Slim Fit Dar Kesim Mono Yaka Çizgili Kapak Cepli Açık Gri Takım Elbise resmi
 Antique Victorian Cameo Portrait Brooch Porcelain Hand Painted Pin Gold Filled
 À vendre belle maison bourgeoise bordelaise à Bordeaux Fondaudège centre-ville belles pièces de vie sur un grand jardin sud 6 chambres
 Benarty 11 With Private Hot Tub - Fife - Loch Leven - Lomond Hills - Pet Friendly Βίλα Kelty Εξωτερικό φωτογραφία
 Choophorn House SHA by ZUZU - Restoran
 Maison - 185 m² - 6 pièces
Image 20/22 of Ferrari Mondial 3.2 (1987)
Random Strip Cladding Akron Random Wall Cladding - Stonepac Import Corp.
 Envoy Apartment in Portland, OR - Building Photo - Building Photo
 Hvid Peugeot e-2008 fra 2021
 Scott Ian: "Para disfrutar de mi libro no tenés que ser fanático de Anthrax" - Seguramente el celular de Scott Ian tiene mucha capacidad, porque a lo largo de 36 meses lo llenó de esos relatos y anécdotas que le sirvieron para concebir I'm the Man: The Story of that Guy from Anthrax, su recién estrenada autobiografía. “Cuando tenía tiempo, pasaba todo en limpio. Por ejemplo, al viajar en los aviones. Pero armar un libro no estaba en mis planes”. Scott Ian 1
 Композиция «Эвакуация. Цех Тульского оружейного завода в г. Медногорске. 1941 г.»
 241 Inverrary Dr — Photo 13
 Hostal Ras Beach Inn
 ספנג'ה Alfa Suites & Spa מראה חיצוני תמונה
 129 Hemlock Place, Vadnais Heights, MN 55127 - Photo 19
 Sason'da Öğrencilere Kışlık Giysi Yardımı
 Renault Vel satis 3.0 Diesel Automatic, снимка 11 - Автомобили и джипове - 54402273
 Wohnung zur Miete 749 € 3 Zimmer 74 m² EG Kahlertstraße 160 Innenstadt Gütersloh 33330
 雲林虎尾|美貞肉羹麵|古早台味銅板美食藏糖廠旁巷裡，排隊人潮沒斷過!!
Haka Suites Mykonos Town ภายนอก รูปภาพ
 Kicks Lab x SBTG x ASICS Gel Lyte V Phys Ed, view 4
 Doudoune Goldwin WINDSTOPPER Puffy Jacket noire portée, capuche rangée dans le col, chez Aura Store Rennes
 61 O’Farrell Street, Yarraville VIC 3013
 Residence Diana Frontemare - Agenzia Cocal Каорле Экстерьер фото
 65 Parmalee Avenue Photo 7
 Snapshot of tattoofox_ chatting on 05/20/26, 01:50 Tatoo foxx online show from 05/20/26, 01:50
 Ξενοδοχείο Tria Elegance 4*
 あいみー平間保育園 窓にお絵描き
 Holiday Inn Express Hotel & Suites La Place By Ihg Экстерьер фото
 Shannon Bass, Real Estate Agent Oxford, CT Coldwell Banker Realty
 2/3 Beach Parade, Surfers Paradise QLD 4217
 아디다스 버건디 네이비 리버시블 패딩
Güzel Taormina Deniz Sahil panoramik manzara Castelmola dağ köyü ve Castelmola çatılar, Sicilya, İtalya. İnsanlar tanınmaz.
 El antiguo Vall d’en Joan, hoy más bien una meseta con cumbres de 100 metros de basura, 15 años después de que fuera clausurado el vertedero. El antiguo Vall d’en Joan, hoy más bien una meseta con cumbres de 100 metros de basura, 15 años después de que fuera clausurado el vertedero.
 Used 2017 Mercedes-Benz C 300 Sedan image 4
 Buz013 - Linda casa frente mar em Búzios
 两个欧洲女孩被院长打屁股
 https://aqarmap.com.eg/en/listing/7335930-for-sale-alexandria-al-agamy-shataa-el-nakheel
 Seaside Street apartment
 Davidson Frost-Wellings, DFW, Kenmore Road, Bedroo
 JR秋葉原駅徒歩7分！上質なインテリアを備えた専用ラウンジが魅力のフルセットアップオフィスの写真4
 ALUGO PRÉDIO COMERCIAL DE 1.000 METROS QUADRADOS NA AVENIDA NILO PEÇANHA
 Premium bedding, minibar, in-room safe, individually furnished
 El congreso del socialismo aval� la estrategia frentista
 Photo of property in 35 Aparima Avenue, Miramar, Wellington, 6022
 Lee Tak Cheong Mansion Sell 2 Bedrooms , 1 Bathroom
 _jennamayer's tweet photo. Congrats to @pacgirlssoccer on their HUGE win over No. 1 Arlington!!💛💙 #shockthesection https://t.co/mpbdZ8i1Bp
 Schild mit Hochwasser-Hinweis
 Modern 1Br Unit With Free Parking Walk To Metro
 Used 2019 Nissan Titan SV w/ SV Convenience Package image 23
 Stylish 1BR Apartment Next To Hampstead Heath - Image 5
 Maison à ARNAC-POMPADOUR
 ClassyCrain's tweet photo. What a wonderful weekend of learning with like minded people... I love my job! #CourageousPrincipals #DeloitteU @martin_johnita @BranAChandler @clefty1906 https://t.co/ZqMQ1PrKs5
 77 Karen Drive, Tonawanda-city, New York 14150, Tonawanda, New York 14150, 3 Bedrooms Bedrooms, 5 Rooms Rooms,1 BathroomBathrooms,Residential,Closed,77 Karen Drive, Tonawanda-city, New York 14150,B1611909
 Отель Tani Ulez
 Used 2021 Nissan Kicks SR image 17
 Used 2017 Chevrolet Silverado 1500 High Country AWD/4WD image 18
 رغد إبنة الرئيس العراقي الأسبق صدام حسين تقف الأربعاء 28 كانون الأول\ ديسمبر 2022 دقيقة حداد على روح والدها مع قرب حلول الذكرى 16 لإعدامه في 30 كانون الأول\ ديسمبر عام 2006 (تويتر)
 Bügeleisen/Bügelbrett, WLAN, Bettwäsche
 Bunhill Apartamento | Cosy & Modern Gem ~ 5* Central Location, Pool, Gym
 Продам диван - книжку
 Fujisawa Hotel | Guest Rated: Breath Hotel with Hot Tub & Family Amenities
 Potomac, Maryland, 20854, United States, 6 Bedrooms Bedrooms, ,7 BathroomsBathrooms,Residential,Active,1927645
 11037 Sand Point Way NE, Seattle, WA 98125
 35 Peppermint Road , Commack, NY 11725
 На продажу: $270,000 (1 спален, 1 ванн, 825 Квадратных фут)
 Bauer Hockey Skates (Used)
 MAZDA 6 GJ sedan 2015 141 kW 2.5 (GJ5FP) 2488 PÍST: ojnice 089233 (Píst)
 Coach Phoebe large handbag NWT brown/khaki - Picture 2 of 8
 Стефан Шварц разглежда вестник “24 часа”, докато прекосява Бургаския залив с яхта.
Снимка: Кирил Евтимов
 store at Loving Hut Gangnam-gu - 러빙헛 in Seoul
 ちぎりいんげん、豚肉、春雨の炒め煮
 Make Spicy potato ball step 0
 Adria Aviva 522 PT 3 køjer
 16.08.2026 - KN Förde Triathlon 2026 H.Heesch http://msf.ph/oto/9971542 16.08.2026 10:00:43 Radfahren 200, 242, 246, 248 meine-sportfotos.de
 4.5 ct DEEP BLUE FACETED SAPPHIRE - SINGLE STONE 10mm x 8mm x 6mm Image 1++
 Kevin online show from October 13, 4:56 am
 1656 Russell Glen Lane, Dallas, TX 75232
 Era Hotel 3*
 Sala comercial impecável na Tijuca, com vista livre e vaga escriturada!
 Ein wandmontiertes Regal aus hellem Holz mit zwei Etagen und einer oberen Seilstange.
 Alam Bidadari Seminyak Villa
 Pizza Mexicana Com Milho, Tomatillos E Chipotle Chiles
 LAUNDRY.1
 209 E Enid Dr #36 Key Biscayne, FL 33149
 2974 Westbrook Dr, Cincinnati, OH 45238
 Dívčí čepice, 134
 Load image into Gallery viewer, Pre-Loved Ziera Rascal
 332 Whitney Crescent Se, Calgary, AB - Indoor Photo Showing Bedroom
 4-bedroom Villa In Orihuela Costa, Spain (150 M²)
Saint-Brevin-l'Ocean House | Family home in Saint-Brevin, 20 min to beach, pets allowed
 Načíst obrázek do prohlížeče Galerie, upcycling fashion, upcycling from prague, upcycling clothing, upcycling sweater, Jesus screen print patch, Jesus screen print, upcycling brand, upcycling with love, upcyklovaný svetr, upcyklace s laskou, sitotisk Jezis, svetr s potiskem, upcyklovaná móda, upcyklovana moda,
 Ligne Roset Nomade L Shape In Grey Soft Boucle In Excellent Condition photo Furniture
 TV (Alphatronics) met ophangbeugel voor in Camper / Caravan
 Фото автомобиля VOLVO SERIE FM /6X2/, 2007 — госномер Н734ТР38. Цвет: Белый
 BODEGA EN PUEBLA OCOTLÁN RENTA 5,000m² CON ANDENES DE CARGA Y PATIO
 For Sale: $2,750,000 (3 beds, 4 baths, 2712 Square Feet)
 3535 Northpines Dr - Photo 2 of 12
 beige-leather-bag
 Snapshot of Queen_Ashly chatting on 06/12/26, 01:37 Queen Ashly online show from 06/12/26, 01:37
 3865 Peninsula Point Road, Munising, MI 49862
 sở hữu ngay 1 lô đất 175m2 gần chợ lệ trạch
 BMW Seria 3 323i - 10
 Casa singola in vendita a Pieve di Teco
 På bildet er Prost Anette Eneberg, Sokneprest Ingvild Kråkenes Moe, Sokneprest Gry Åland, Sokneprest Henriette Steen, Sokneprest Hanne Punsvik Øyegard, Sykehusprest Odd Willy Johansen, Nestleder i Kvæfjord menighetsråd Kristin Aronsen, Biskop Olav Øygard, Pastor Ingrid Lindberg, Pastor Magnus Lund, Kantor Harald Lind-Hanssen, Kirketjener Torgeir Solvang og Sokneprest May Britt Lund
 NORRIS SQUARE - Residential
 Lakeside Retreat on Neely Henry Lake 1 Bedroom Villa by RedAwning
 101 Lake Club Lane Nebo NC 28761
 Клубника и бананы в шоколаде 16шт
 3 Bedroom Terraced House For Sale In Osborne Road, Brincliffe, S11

ACTION ITEM: Reading through the preceding records, tally each line that holds the word "tweet" and give the tally by itself.

SOLUTION BELOW: 2